If you have a background in Systems Administration or Networking then you must be asking yourself how a major company like Netflix or a Instagram (owned by Facebook) could have such an outage. In reality these services should not have had an outage that ever lasted that long because Amazon Web Services (AWS) not only promotes steps to do High Availability Deployments but further because High Availability and Fault-Tolerant deployments is not something that is new.
More importantly why were people on the West Coast of the United States affected by an outage in North Virginia when its known to some that Netflix maintains large deployments in Northern California and Oregon? I for instance did not have service but if Netflix had used Anycast to appropriately route traffic to the nearest data center much like Cloudflare does with their service then I would have had little or no disruption to my movie watching experience.

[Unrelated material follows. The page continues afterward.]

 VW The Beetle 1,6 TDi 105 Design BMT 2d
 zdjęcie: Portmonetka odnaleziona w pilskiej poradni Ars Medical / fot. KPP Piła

I think these companies need to invest some time into considering what went wrong and how to make sure it does not occur again or at least that they have something in place to make such and outage so minimal that their stock prices are not affected come Monday morning. A good place to start would be looking at technologies like Quagga (BGP Anycast Routing), Ifenslave, HAProxy (High Availability Load Balancing), and perhaps Heartbeat and Pacemaker. (All available on Ubuntu 12.04 Server LTS which is on AWS)
In closing I applaud Twilio and the other services out there that had competent people working for them to make sure their infrastructure and services fault-tolerant and prevented downtime.